Effectively atomic read of 16 bytes on x86

Eric Grant

unread,

Feb 7, 2012, 7:24:48 PM2/7/12

to lock...@googlegroups.com

Hello,

This question concerns the x86_64 architecture.

Consider a 64-bit pointer plus a 64-bit counter, collectively aligned to 16 bytes. The counter moves monotonically on each update of the pointer. (A classic example is the head of a nonblocking IBM/Treiber stack, though nothing about the question depends on that particular use.) Assume that we modify the pointer/counter pair only in an atomic manner, i.e., using cmpxchg16b.

Given these constraints, it would appear that we can *read* the pointer/counter pair in a manner that is "effectively" atomic, by which I mean we will (1) always read a pair that has been written by one thread or another, and (2) never read a pair that has been written one-half by one thread and one-half by another.

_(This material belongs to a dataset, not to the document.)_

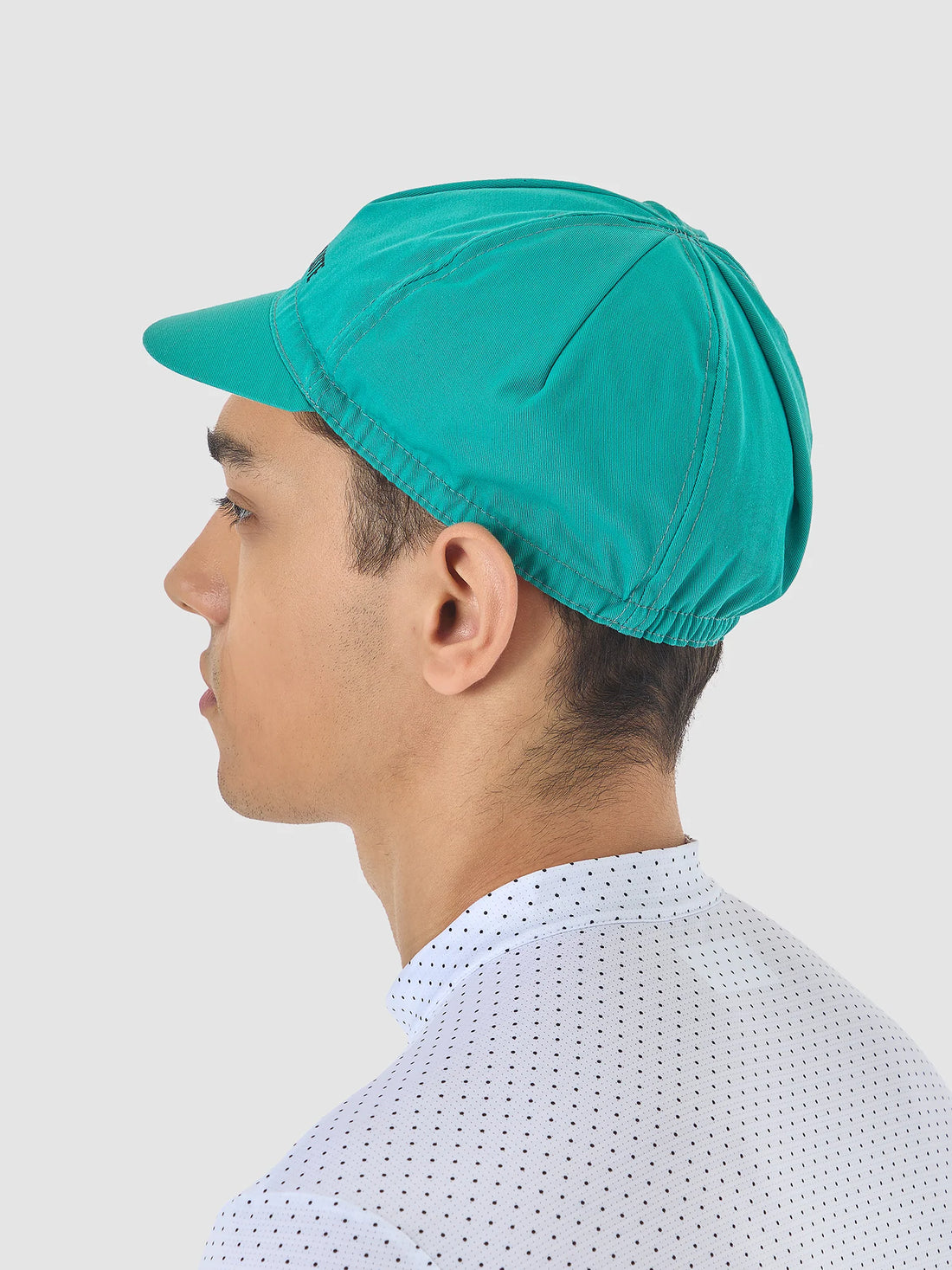 Café du Cycliste Gapette Cycling Cap Radkappe Riviera Blue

Here's the algorithm:

temp; // same integral type as counter
counter = pair->counter;
do
{

temp = counter;
head = pair->pointer;
COMPILER_BARRIER(); // to ensure that pair->pointer is read before pair->counter
counter = pair->counter;

}
while (counter != temp);

Correct? Easier way? Bunk?

Cheers,
Eric

Samy Bahra

unread,

Feb 8, 2012, 2:46:49 AM2/8/12

to lock...@googlegroups.com, lock...@googlegroups.com

Memory model is only guaranteed for same width operations. Things are weaker if you mix widths on a target. You can try using a load barrier.

This has been brought up in an earlier thread. Sorry for brevity.

Sent from a phone

Dmitriy V'jukov

unread,

Feb 8, 2012, 2:59:42 AM2/8/12

to lock...@googlegroups.com

Hi Eric,

I think it is correct. It is effectively a seqlock:
http://en.wikipedia.org/wiki/Seqlock

You may also consider using SSE instructions to do atomic 16 byte loads.

Samy Bahra

unread,

Feb 8, 2012, 3:17:21 AM2/8/12

to lock...@googlegroups.com, lock...@googlegroups.com

It is not.

Sent from a phone

Anthony Williams

unread,

Feb 8, 2012, 3:19:38 AM2/8/12

to lock...@googlegroups.com

On 08/02/12 07:59, Dmitriy V'jukov wrote:
> On Wed, Feb 8, 2012 at 4:24 AM, Eric Grant<ma...@eagrant.com> wrote:

>> temp; // same integral type as counter
>> counter = pair->counter;
>> do
>> {
>> temp = counter;
>> head = pair->pointer;
>> COMPILER_BARRIER(); // to ensure that pair->pointer is read before
>> pair->counter
>> counter = pair->counter;
>> }
>> while (counter != temp);
>>
>> Correct? Easier way? Bunk?
>

> I think it is correct. It is effectively a seqlock:
> http://en.wikipedia.org/wiki/Seqlock

Agreed.

> You may also consider using SSE instructions to do atomic 16 byte loads.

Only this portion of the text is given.